Jules Renard, sur lui-même


« Je n'ai réussi nulle part. J'ai tourné le dos au Gil Blas, à l'Echo de Paris, au Journal, au Figaro, à la Revue hebdomadaire, à la Revue de Paris, etc. Pas un de mes livres n'arrive à un second tirage. Je gagne en moyenne vingt-cinq francs par mois. Si mon ménage reste pacifique, c'est grâce à une femme douce comme les anges. J'ai vite assez de mes amis. Quand je les aime trop, je leur en veux, et, quand ils ne m'aiment plus, je les méprise. Je ne suis bon à rien, ni à me conduire en propriétaire, ni à faire la charité. Parlons de mon talent. Il me suffit de lire une page de Saint-Simon ou de Flaubert pour rougir. Mon imagination, c'est une bouteille, un cul de flacon déjà vide. Avec un peu d'habitude, un reporter égalerait ce que, plein de suffisance, j'appelle mon style. Je flatte mes confrères par lettres et je les déteste à vue. Mon égoïsme exige tout. Une ambition de taille à regarder par dessus l'Arc de Triomphe, et ce faux dédain des médailles ! (...) et malgré cela, il y a, ma parole, des quarts d'heure où je suis content de moi. (...) »

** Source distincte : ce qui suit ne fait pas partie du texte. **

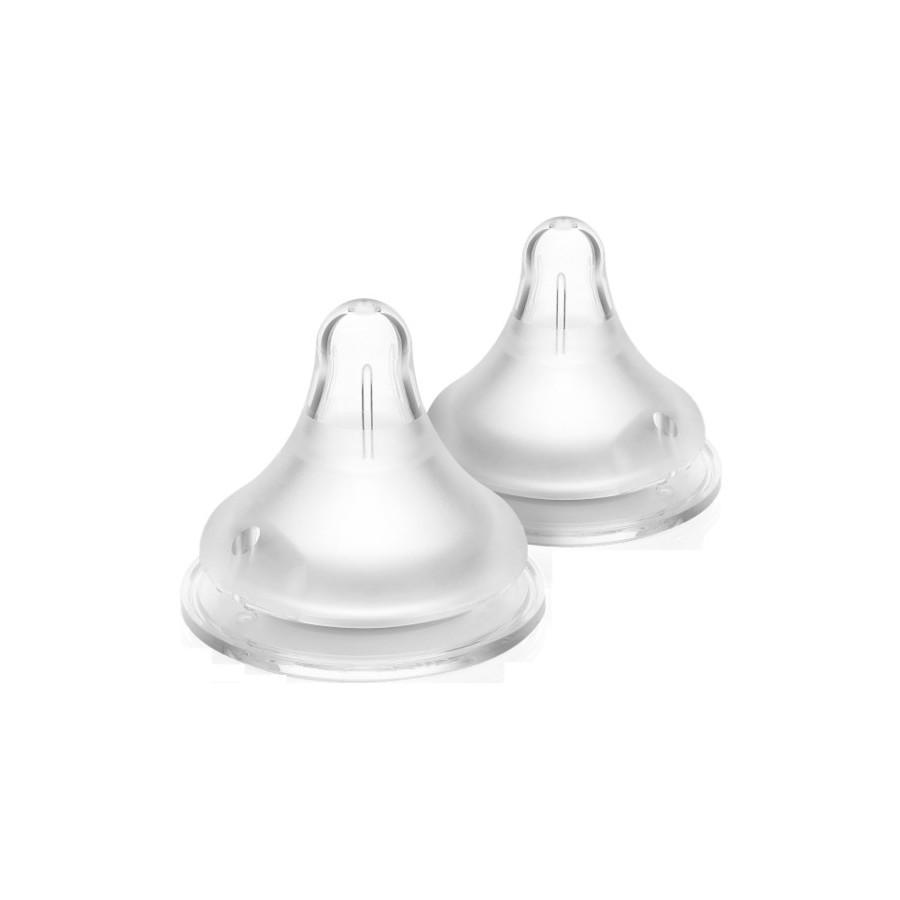 Lansinoh Smoczek do butelki Natural Wave o wolnym przepływie S 2 sztuki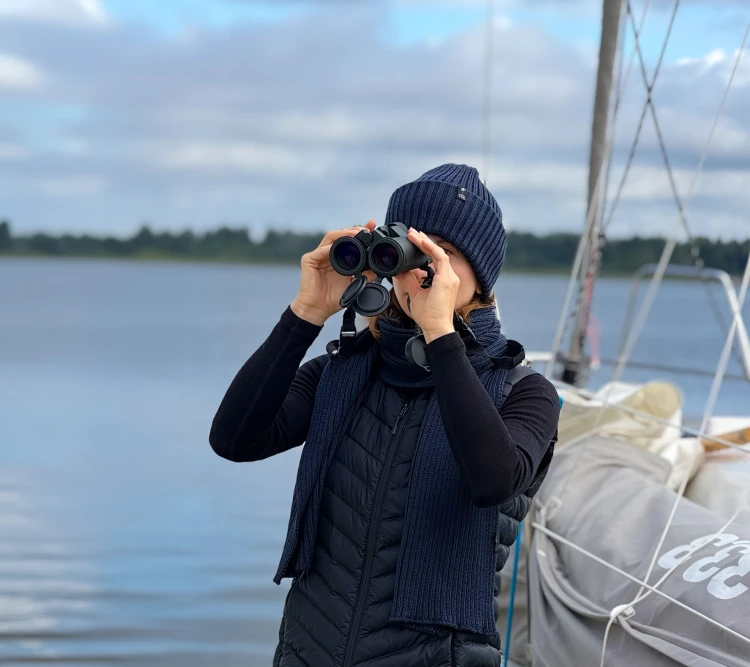 Czapka z wełny merino - navy blue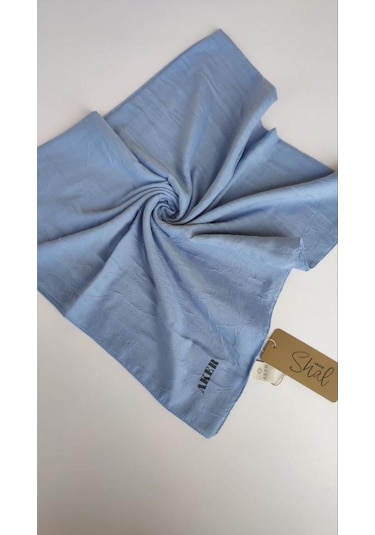 Bebe Mavisi Aker Bambu Kraş Eşarp Bebe Mavisi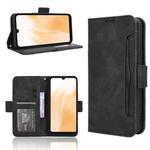 For Fujitsu Arrows We2 Skin Feel Calf Texture Card Slots Leather Phone Case(Black)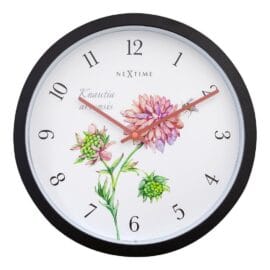 Buitenklok 30cm Zwart Wit 'Knautia' - NeXtime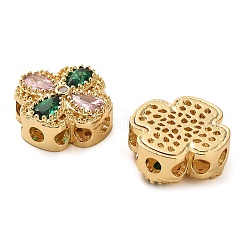 Латунные микро проложить кубического циркония бусы&nbsp;LS-KK-D093-07G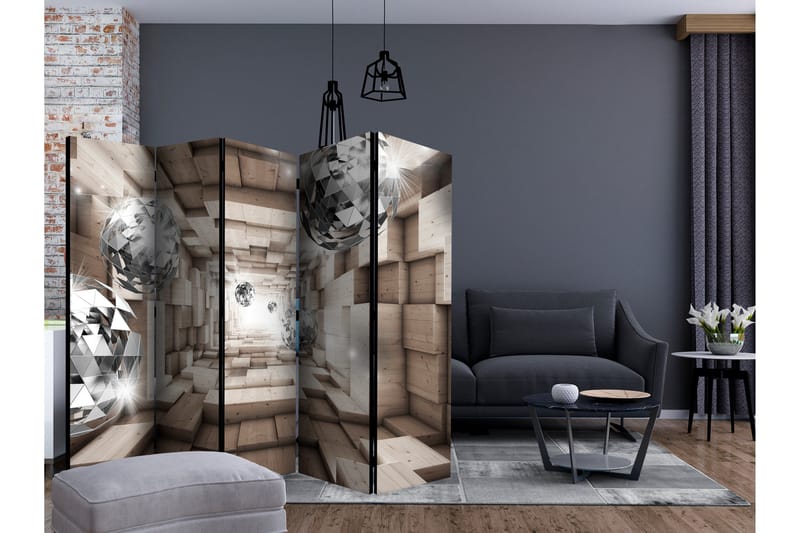 Rumsavdelare - In A Wooden Tunnel II 225x172 - Artgeist sp. z o. o. - Inredning - Rumsavdelare - Vikskärm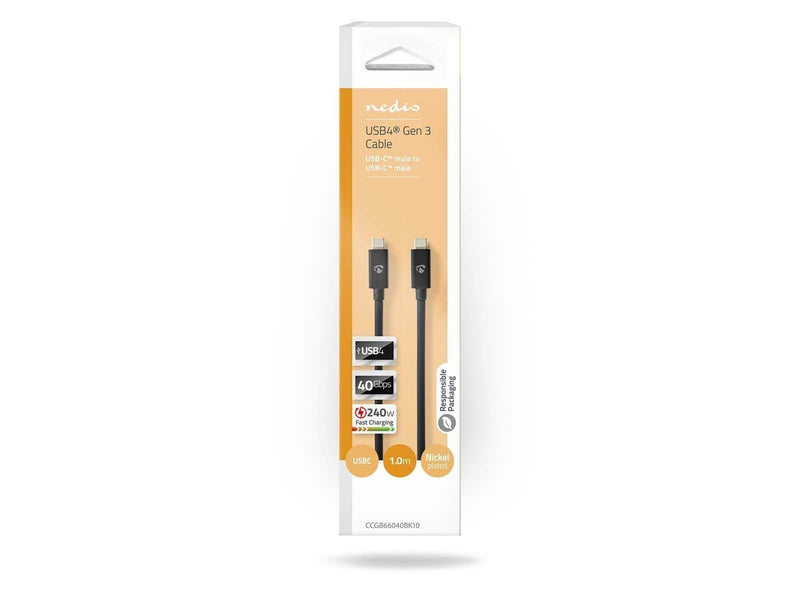 Nedis CCGB66040BK10 USB cable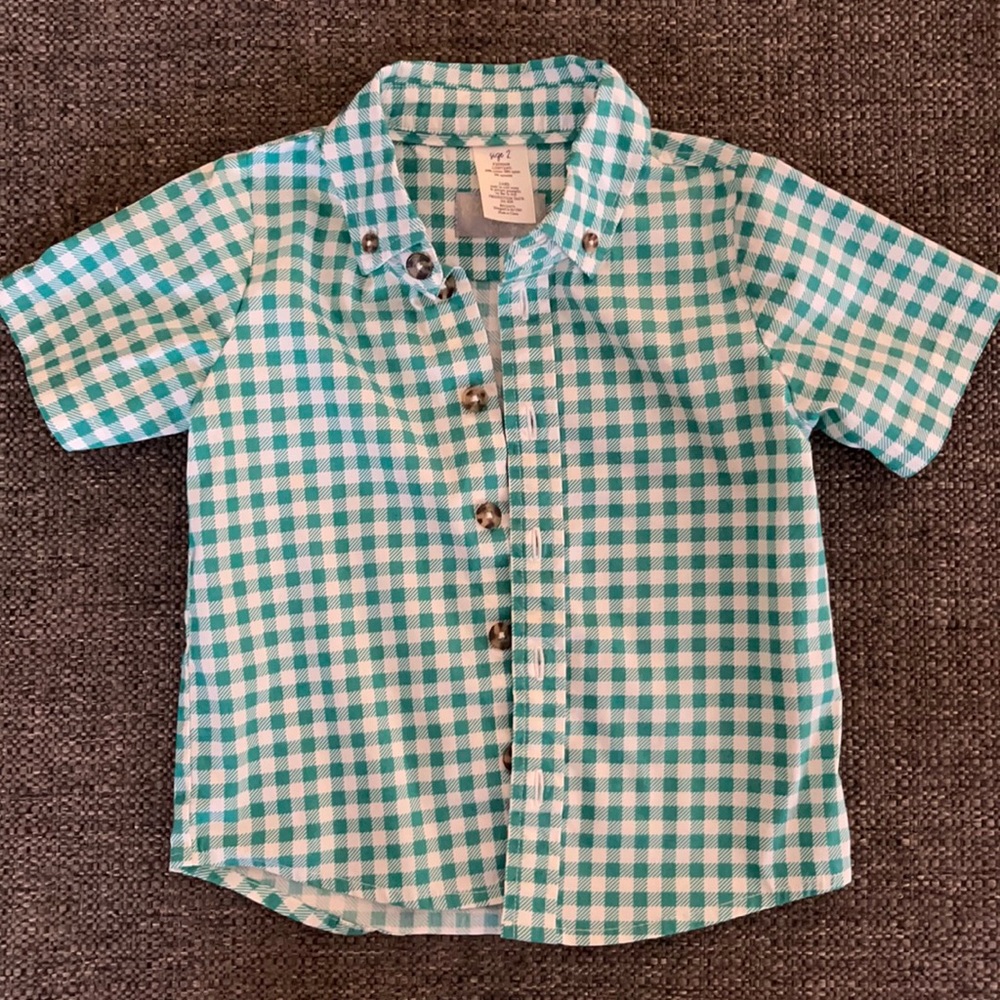 Boys button up shirt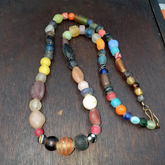 OLD AFRICAN GLASS BEADS Strand #MX-16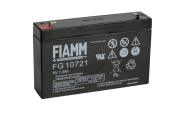 Fiamm FG10721 7,2Ah 6V VdS L150 B34 H94, Faston 4,8mm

Jules Renard, extrait des morceaux choisis de son Journal 1887-1910, daté du 29 novembre 1894 ; éditions Babel.

3 commentaires:

  1. Une autre vision de Jules Renard... Commencer à lire sa biographie avant toute chose ?

    RépondreSupprimer
    Réponses
    1. Je ne sais pas s'il existe une biographie intéressante ; personnellement, je ne connaissais quasiment rien de sa vie avant de lire les morceaux choisis de son journal, et il m'a paru que c'était une très bonne entrée en matière. Il est introduit par une préface assez intéressante et une chronologie de la vie de Renard, ce qui m'a semblé bien suffisant.

      Supprimer
  2. La seule véritable biographie de Jules Renard est justement son journal. C'est pour cela qu'il l'a écrit et il le dit lui-même.

    RépondreSupprimer

Related Posts Plugin for WordPress, Blogger...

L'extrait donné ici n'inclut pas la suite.